Claudia Cumberbatch, A Mighty Woman

 

Cheddi Jagan and Claudia Jones  Photograph courtesy Carole Boyce Davies,  Left of Karl Marx.  The Political Life of Black Communist Claudia Jones (Duke, 2008), 236.
Cheddi Jagan and Claudia Jones
Photograph courtesy Carole Boyce Davies, Left of Karl Marx. The Political Life of Black Communist Claudia Jones (Duke, 2008), 236.

On Saturday February 21, as the crescent moon rose over Cazabon Street in Belmont, Trinidad and Tobago, people gathered from all over the world to remember Claudia Vera Cumberbatch, better known as Claudia Jones, on the one hundredth anniversary of her birth.

There were also gatherings in Harlem and London, but it was the few dozen holding hands in a lamp lit circle on a ribbon of rough asphalt, who got to hear the unexpectedly beautiful percussion of corn and rice rolling like rain off the galvanize roof of her childhood home, and who witnessed the first time that African invocations, water, palm oil, memories and appreciation were offered from us here to this little known daughter of the soil.

For women busily going about life, organizing communities, hand sewing their traditional portrayals for Carnival, establishing their own incomes, dreaming of being writers or wanting to make a fairer world, Claudia Jones is the inspiration whose picture you could pin to your clothes, like Bobo Shantis do with Haile Selassie, to remind yourself that articulate, fearless and powerful women have long been home grown.

Born in Trinidad, on February 21, 1915, Claudia Jones became the leading black woman in international communism between the 1930s and 1950s. While living in the US, she was arrested and imprisoned for ten months for giving a speech on “International Women’s Day and the Struggle for Peace”. Facing deportation and eventually choosing exile to England in 1955, because Trinidad’s Governor was too frightened of her movement-building capacity to let her resettle here, she organized the first Carnival celebrations in London. Her belief that “a people’s art is the genesis of their freedom” established the precedent for every Caribbean Carnival now held around the world.

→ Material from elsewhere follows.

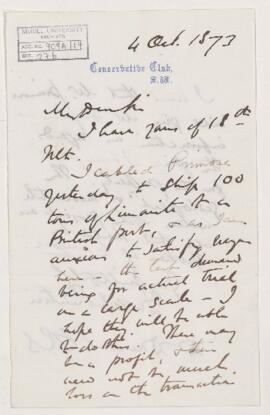 Letter, 4 October 1873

A communist, pan-African and women’s rights political agitator, more radical than any men of her time or region including Marcus Garvey and CLR James, Claudia Cumberbatch began to write as Claudia Jones to throw the CIA off her tracks, knowing that the US government considered her a threat. She was indomitably bad ass, crossing out the job title of secretary that was put on her passport, and writing ‘journalist’ instead, the only right thing to do for an immigrant woman who later wrote for and edited youth, women’s, workers’ rights and African American magazines, and founded her own newspaper, The West Indian Gazette and Afro-Asian Caribbean News.

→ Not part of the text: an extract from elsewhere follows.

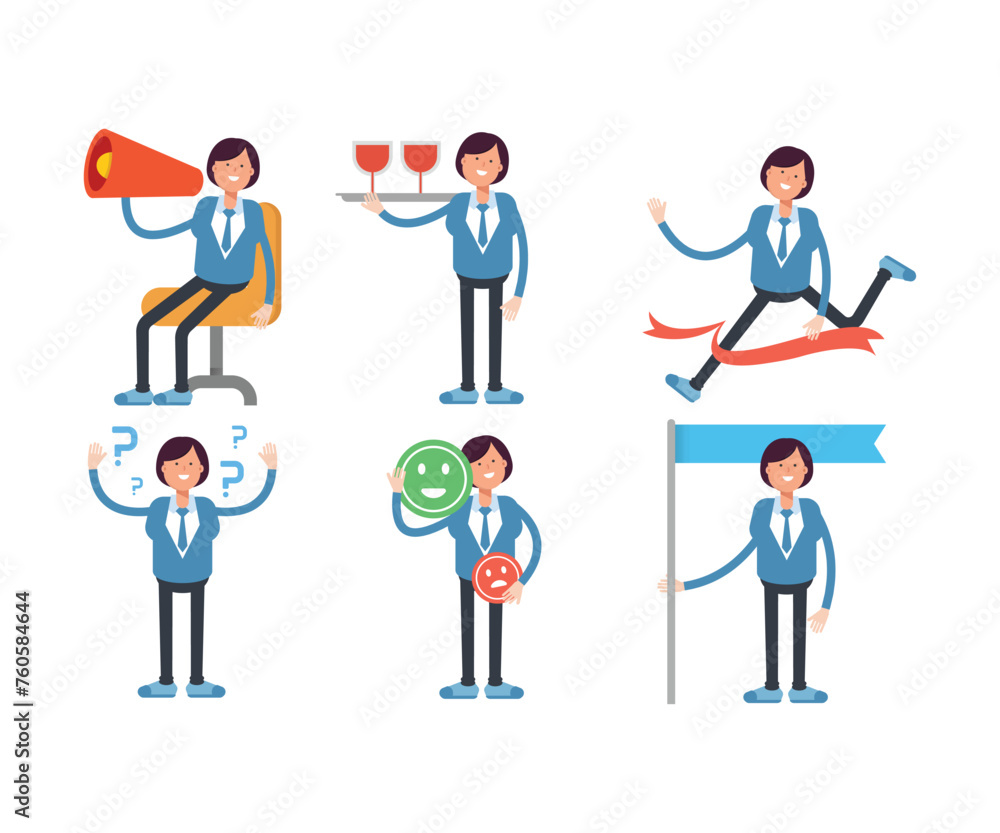 business woman characters in different poses vector set business woman characters in different poses vector set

Last term, in my Gender Studies classes at the University of the West Indies, my students and I read Left of Karl Marx, Carole Boyce-Davies’ book about Claudia Jones’ life and politics, marveling that she even met China’s Mao Tse-tung and Martin Luther King Jr. I wanted them to know that when Caribbean students learn about transnational, anti-imperialist, anti-racist feminist theory, we begin right here in the region, with the thinking of Claudia Jones, an activist, intellectual, cultural worker and writer without any university degrees to her name, now buried in London, to the left of Karl Marx in Highgate Cemetery.

 

Yet, even having taught her book, it never occurred to me to turn onto the lane where she walked as a child and to look up at the same moon she would have seen, on her birthday. It did occur to those who invited the nation to honour a woman who died, at forty-nine years old, alone on Christmas day.

 

By putting passion and pen to our principles, making transformation of black working class women’s lives our marker of change, and unapologetically pursuing equality and emancipation for all, may we mightily walk in the footsteps of the path-breaking Caribbean woman Claudia Jones.